A2A receptor (A2AR)-mediated regulation of Per gene expression and circadian behavioral rhythms in equilibrative nucleoside transporter 1 (ENT1) KO mice. (a) Diagram depicting times of treatment with adenosine receptor ligands (Zeitgeber Time (ZT22); wild-type (WT) peak for PER protein expression in striatum) and killing (ZT14; WT peak for Per gene expression in striatum). (b) Three-day treatment of A1R antagonist DPCPX (6.0 mg/kg, i.p.) or A2AR antagonist ZM-241385 (20.0 mg/kg, i.p.) at ZT22 (late night) differentially affected clock gene expression in WT mice, with the former downregulating peak expression of Per1 and Per2, while the latter only reduced expression of Per2; *P<0.05 by one-way ANOVA; n=6 per treatment. (c) Three-day treatment of A2AR agonist CGS-21680 (2.0 mg/kg) upregulated Per1 only in ENT1 KO mice and Per2 in both WT and ENT1 KO mice compared with vehicle-treated WT controls; P<0.05 by unpaired, two-tailed t-test; n=6 per treatment. (d) Representative actograms from WT (left side) and ENT1 KO (right side) mice treated with vehicle (top) or A2AR agonist CGS-21680 (bottom) for 5 days.
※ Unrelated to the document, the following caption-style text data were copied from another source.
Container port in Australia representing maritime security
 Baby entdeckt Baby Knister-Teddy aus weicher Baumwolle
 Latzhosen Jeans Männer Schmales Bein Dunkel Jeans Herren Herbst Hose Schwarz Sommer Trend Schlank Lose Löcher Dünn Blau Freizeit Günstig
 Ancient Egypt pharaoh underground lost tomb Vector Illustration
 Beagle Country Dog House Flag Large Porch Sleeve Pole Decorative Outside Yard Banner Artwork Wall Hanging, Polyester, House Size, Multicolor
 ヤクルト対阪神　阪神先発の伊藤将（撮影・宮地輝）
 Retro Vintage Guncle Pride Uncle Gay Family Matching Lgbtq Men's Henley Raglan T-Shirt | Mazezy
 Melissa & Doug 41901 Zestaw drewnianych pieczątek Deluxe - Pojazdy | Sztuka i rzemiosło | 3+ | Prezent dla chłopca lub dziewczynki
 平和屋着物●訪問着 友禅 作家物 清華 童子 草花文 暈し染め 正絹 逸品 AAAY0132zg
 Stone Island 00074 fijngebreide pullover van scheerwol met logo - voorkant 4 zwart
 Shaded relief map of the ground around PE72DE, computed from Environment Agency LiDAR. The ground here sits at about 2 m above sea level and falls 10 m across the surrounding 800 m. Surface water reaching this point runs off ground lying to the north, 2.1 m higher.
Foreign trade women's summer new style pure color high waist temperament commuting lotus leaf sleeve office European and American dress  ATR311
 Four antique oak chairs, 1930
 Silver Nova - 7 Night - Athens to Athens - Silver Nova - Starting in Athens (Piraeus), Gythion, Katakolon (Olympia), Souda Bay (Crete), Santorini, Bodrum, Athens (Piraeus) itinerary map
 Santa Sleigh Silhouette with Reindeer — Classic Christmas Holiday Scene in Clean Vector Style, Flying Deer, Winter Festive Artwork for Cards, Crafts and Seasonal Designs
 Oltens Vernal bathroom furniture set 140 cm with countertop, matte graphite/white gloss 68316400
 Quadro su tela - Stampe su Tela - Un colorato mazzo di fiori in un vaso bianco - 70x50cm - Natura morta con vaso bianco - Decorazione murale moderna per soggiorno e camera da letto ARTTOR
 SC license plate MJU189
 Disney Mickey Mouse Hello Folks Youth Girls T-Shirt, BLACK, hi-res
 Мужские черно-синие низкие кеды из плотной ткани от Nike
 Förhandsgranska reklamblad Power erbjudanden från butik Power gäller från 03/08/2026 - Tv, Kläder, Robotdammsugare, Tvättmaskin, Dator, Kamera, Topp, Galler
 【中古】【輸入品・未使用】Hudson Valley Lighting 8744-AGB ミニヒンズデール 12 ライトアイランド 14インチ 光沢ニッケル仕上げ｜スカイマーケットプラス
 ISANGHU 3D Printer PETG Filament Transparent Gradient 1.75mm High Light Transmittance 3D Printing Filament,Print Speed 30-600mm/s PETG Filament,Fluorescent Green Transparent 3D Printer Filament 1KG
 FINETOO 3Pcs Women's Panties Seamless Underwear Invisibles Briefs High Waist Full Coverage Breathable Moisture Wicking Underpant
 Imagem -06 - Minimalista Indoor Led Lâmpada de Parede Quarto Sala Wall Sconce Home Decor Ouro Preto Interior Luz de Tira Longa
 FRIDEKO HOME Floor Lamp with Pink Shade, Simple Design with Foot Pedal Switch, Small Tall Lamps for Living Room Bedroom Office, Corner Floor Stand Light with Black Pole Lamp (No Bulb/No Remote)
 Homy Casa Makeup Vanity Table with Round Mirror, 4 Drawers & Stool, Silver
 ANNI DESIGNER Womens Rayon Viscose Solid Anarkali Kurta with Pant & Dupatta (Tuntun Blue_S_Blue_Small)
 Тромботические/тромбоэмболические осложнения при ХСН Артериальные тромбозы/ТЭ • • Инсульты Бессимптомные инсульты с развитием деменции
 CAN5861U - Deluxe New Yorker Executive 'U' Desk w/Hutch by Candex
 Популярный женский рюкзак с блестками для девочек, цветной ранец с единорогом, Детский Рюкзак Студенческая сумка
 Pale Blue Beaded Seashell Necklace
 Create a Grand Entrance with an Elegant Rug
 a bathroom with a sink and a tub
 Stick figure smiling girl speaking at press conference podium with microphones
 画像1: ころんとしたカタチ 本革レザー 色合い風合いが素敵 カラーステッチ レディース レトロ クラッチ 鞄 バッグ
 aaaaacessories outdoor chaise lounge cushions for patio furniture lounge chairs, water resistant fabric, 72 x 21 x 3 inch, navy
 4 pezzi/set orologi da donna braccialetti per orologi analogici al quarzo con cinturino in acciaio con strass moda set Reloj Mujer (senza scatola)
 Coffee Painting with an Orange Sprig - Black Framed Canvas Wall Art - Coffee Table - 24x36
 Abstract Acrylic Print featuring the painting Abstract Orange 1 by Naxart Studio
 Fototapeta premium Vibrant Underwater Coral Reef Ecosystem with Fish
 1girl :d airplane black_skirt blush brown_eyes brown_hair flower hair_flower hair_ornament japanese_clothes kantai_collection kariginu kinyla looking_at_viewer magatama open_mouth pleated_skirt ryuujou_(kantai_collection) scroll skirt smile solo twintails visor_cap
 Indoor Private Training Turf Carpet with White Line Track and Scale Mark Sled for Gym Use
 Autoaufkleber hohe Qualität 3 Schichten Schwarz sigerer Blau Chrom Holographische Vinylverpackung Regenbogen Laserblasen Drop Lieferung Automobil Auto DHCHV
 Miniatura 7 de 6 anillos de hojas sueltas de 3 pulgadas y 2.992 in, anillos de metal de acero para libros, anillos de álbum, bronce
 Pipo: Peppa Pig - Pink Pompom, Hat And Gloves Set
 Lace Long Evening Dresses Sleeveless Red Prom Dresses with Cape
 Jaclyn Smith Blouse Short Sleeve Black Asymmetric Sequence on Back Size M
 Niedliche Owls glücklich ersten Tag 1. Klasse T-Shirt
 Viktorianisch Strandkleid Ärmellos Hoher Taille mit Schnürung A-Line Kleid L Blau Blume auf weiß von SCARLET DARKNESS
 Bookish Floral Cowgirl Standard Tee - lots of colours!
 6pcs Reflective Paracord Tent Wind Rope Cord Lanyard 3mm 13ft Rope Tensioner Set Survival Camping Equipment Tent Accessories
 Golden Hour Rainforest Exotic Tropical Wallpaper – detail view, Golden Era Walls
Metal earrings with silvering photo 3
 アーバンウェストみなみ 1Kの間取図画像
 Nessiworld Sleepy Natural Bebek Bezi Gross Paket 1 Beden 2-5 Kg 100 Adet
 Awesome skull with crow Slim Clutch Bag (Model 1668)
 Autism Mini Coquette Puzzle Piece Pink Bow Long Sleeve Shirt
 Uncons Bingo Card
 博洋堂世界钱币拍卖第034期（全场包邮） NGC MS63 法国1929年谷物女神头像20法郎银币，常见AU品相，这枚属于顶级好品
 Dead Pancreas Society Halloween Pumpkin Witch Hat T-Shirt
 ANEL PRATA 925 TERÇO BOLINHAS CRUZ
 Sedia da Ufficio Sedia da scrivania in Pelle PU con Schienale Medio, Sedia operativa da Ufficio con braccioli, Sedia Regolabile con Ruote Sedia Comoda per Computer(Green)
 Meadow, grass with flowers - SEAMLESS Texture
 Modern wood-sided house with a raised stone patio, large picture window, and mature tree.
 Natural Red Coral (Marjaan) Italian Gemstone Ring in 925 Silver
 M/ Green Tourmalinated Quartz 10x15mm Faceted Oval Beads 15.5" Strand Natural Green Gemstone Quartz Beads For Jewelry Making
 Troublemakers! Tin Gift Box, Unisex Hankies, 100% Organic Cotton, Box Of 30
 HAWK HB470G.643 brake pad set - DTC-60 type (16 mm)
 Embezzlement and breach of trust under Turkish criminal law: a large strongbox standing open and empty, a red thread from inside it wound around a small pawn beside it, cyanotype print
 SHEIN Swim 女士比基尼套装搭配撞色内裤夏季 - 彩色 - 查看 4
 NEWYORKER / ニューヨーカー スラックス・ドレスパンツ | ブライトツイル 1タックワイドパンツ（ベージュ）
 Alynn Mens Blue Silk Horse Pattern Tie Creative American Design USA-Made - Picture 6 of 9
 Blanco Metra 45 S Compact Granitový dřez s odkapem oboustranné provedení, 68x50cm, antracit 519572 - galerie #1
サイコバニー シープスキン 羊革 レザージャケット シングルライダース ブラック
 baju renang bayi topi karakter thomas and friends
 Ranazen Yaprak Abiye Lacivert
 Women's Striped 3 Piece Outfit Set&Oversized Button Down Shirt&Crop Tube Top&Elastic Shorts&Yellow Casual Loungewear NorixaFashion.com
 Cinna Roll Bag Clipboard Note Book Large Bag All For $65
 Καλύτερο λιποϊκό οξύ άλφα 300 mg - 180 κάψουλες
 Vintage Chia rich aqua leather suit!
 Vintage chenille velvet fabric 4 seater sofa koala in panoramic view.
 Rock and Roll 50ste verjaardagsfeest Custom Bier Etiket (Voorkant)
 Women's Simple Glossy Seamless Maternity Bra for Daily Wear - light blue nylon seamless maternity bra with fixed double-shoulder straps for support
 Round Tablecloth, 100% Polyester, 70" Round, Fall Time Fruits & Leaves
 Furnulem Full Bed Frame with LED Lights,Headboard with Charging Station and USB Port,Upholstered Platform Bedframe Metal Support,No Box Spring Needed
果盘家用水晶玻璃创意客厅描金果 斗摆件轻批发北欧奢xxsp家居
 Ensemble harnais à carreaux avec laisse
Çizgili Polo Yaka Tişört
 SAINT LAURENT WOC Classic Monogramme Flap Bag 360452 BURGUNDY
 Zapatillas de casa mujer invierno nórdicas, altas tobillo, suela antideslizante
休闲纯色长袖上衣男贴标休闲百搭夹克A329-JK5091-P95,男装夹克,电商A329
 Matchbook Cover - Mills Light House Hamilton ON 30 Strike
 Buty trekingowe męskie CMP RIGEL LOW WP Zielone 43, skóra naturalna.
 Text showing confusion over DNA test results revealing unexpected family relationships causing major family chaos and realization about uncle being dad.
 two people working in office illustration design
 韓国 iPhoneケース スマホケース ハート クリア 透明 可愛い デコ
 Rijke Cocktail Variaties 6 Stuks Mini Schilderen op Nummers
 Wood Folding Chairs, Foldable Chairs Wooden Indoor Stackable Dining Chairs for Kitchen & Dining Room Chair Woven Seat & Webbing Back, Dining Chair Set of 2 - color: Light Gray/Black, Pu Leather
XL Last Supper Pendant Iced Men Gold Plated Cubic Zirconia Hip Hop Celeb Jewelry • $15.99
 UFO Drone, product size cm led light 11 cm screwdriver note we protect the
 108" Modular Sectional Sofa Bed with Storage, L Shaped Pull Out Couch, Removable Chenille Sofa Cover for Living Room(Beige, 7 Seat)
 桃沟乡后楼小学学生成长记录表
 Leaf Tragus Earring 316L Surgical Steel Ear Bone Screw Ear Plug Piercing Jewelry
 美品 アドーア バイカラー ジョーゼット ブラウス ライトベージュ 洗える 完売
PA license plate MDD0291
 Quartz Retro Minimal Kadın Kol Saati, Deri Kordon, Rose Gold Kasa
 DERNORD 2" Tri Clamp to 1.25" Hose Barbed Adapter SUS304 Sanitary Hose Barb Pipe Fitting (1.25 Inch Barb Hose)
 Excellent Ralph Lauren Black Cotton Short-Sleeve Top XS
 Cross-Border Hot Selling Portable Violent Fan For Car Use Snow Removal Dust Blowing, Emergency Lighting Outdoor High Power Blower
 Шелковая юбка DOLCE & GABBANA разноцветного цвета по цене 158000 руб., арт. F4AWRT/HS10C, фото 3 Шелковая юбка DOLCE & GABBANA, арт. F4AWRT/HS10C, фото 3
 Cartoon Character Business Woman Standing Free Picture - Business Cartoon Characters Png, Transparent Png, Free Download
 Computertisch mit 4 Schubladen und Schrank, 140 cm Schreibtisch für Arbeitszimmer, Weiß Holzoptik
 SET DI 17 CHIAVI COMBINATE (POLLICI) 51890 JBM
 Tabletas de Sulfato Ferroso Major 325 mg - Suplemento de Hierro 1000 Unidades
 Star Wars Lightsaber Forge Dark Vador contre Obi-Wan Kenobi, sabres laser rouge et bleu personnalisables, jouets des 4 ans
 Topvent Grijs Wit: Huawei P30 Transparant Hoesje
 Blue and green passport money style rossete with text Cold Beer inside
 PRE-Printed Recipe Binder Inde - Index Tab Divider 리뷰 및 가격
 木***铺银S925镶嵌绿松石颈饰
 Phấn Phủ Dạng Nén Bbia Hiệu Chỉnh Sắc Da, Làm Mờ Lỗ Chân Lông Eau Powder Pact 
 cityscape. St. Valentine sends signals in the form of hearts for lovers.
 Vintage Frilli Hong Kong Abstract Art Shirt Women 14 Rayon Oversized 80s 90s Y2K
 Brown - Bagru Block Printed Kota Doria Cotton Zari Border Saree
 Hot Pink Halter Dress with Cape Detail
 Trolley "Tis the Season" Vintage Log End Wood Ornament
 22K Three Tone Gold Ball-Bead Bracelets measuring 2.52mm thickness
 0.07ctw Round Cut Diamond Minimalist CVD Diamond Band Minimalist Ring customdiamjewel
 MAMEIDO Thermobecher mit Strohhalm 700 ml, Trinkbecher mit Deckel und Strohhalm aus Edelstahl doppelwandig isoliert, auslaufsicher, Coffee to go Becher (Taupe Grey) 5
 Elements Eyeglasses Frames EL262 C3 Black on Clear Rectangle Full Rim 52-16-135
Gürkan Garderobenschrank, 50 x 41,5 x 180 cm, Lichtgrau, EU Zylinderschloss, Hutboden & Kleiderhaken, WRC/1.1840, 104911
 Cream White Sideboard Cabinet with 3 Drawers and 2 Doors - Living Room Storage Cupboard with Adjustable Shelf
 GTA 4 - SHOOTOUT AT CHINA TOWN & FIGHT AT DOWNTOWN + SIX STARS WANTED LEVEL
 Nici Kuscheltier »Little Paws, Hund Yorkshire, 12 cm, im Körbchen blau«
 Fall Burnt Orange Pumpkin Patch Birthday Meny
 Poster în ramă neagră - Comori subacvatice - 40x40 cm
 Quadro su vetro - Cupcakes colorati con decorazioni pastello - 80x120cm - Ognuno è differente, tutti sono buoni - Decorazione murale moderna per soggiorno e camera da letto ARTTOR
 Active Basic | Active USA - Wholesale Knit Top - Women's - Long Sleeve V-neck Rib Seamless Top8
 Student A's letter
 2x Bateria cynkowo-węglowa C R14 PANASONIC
Stars denote daily treatment time at ZT22; for simplicity, only the first treatment day is starred. (e) Five-day treatment with CGS-21680 (1.0 mg/kg, i.p.) at ZT22 (late night) delayed activity onset in ENT1 KO, but not in WT mice. (f) Alpha was reduced by 5-day CGS-21680 treatment in both ENT1 KO and WT mice, but to a greater degree in the former; ^#P<0.05 for main effect of genotype by two-way ANOVA; *P<0.05 by post hoc Tukey test; n=5 per genotype × treatment. Data are expressed as mean±SEM.